IKUDU is aimed at ‘capacity building’, enabling South African institutions to initiate, develop, implement, test and evaluate online collaborations.
Online collaboration has grown over a short period of time to be an important component of an internationalised curriculum. Students gain international learning experiences without having to leave their institution and, consequently, experience internationalisation at home. This form of international collaboration is also popular at THUAS. We normally designate this approach as ‘COIL’ (Collaborative Online International Learning). Several THUAS degree programmes have already introduced COIL. In some of them, students from the same specialisation work together, while others involve interdisciplinary learning practices. The IKUDU project offers THUAS students and lecturers the possibility to collaborate with South African institutions, enabling the programmes to add the South African perspectives that are currently lacking in most cases. IKUDU therefore strengthens the WIN themes of ‘Internationalisation’ and ‘Global Citizenship’.
The European IKUDU consortium comprises five institutions: the University of Antwerp, Coventry University, University of Siena, Amsterdam University of Applied Sciences and The Hague University of Applied Sciences. All of these schools have extensive experience with COIL. In South Africa, five universities are participating: the University of the Free State and Central University of Technology (both in Bloemfontein), Durban University of Technology, University of Limpopo and University of Venda. Jon Rubin, founder of COIL at the State University of New York, is also involved in the project.
During the three years of the project, training courses are organised (in both South Africa and in Europe), materials developed and pilot projects with students set up, carried out and evaluated. An important advantage of north-south collaboration is that there is no time difference, making it easier to work together in real time than with an east-west collaboration. The project also has its challenges. Some South African academics consider internationalisation a Western concept imposed on former colonies. They argue in favour of ‘Africanisation’ instead. So, the current debate on the decolonisation of curricula is an important component of the project. The outcomes of this debate largely determine the goals and topic of the COIL approach.
Contrary to what is commonly believed, technology is not the problem in this type of collaboration. The topic, learning outcomes, testing and reflection, as well as communication, are the real challenges and largely determine the success of COIL as a learning experience.
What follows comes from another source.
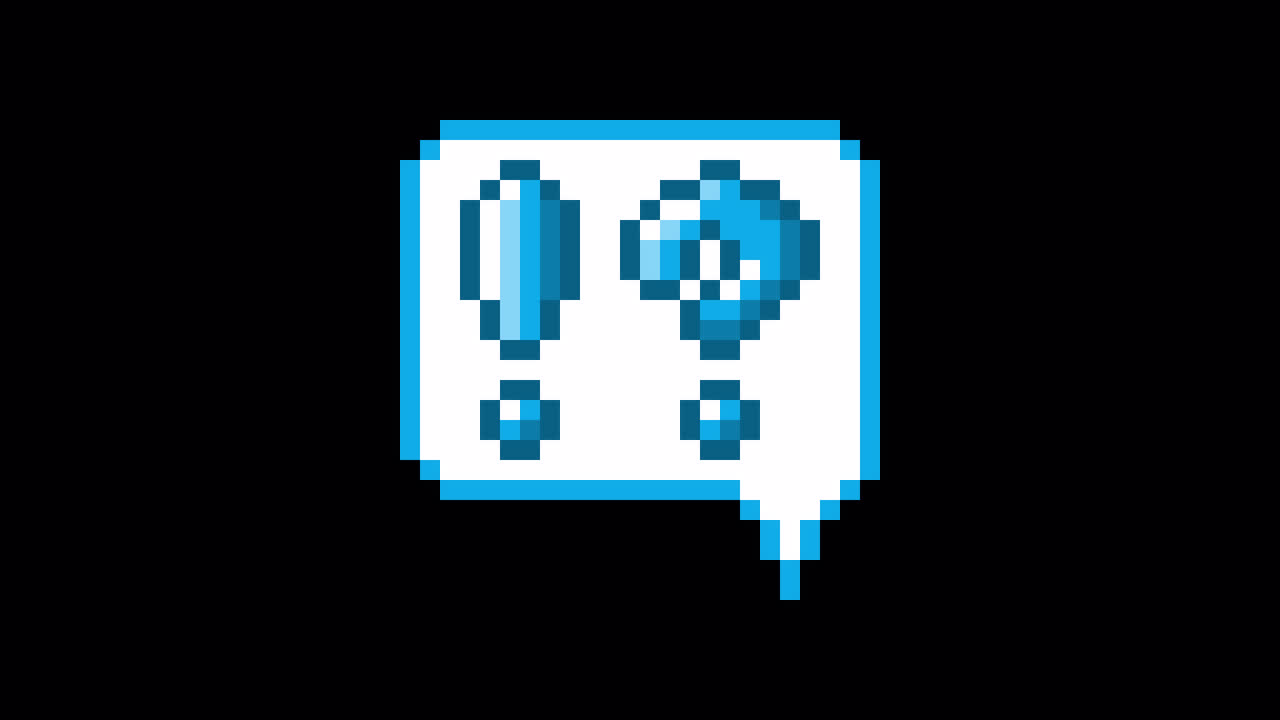 Pixel art animation icon speech bubble interrobang mark (2)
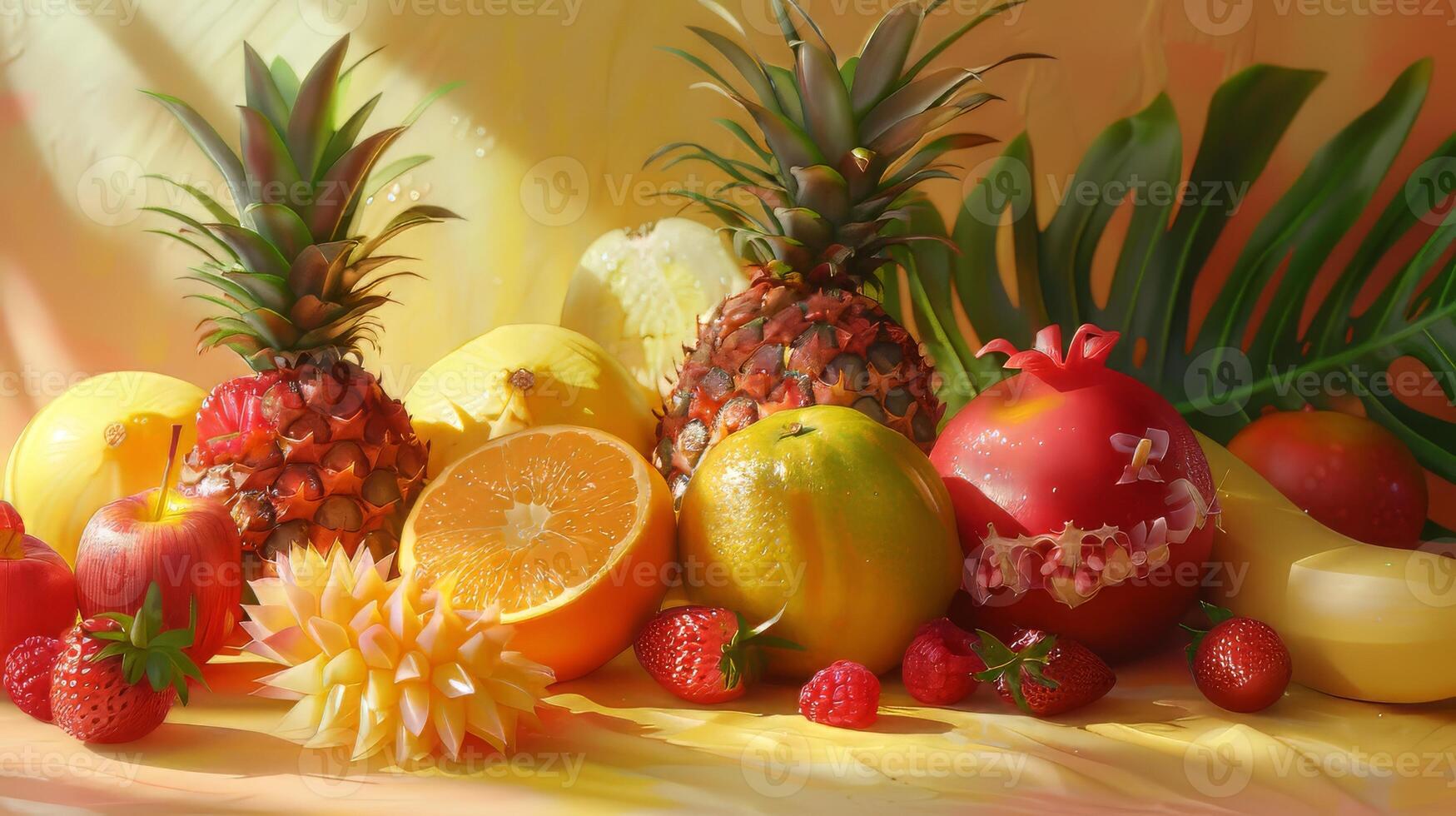 A colorful fruit display with a variety of fruits including apples, oranges, and strawberries. The arrangement of the fruits creates a vibrant and inviting atmosphere photo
Another challenge is therefore to make COIL truly ‘collaborative’ and to create an online learning environment in which students learn through intensive collaboration with challenging content. This type of collaboration is perfect for jointly tackling ‘wicked problems’.
The Hague University of Applied Sciences has extensive experience with COIL and, in 2016, hosted the first European COIL conference. The THUAS project team comprises Reinout Klamer and Simone Hackett, both experienced COIL lecturers, Jos Beelen, Global Learning professor, and Ellen Sjoer, Sustainable Talent Development professor.